User Personas: How to Create Them - Part 1 - Review

User Personas: How to Create Them - Part 1 - Review

User Personas: How to Create Them - Part 1 - Review

This article on User Personas is based on the learnings from CXL Institute.

Let us start by defining User Personas.

What are User Personas

CXL Institute puts forth the definition by Alan Cooper as:

" A precise descriptive model of the user, what he wishes to accomplish and why".

The main words in this definition are - Model and Why.

Model can be said to be an approximate description of the User.

Why is the main core that describes the user's motivations to buy.

Two misconceptions regarding the user personas is that they are not of good quality and they take a lot of time.

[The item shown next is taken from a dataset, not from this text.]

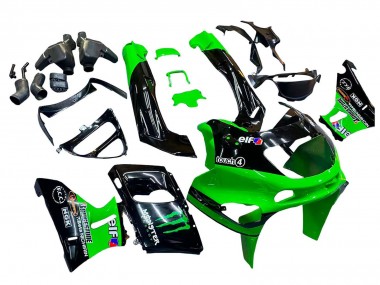 1993-2007 Kawasaki ZZR400 Motorcycle Fairings - Green Glossy Black Green Monster Elf Touch4 Bridgestone UK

Also, many feel that for a high quality user persona, one needs to invest considerable amount of time.

It depends on what you put in to get a user persona.

If we put in good data, we can get good user personas.

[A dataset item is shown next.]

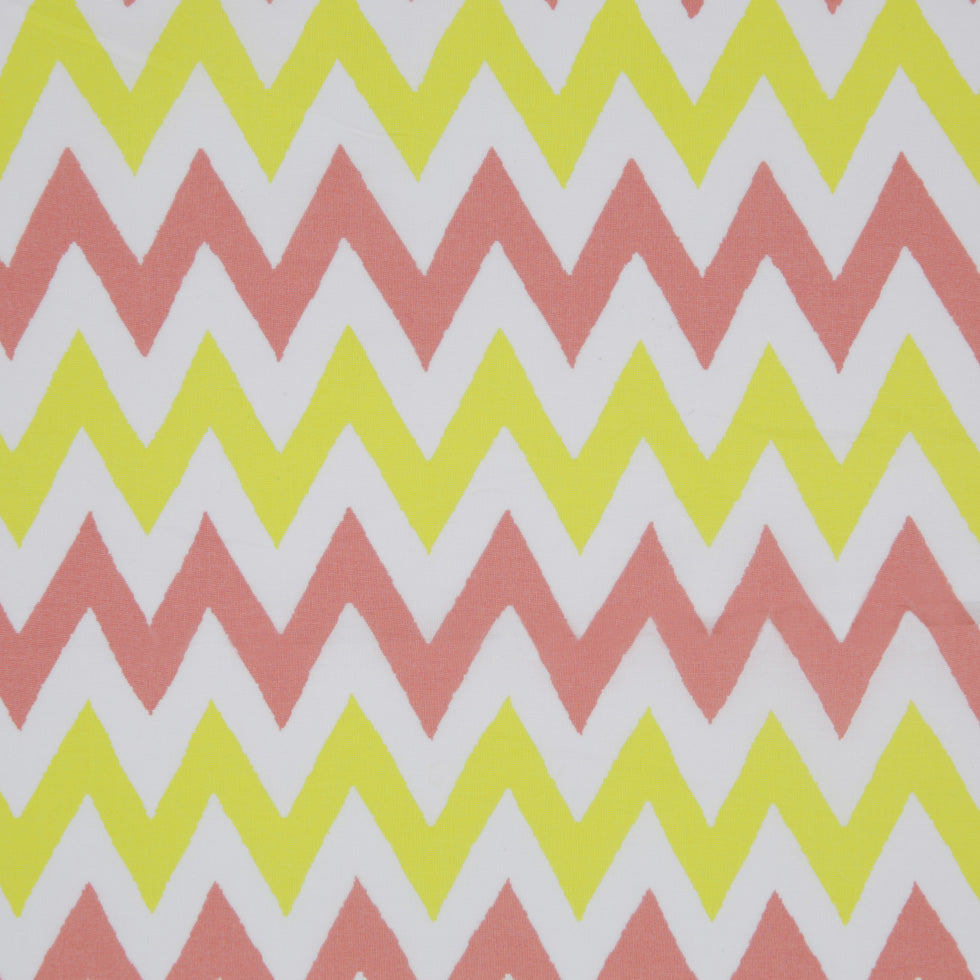 Yellow/Coral/White Zig-Zag Printed Cotton Poplin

One thing that makes user personas bad is irrelevant data.

So, one has to ensure that relevant data is put in to create the user personas.

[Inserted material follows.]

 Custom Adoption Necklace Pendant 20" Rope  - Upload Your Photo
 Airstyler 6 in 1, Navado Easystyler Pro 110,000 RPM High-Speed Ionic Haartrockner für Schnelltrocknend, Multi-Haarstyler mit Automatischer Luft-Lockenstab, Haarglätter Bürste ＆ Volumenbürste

Another key element of a bad ingredient for user personas is data that is not actionable.

To create good personas, the data needs to be actionable.

For example, let us see the example of a Car Shopping Survey.

Example of Irrelevant data or question:

What is your experience driving a Car.

The reason for this question being irrelevant is that it talks about the data in the past.

Also, it is not going to necessarily connect the consumers to the car buying application that you plan to develop.

Example of Relevant data or question:

What is your experience buying a Car.

Similarly, we can see examples for Actionable or not actionable.

Example of Unactionable: What is the MPG on your current car.

Example of Actionable: What is your desired MPG on your future car.

Steps in making User Personas: Step 1

Making User Personas can be broadly divided into three steps:

Step 1: Collect the data

Step 2: Identify the groups.

Step 3: Build the Archetypes.

Personas are only as good as the data.

The data is the foundation.

For this, the questions need to be of good quality.

Three qualities of good questions are that they are relevant, actionable and unbiased.

We have seen the examples of relevant and actionable questions in the previous section.

Here, we discuss one example related if the question is biased or unbiased.

Example of a Biased question:

Would you rather buy a car from a dealer or a stranger?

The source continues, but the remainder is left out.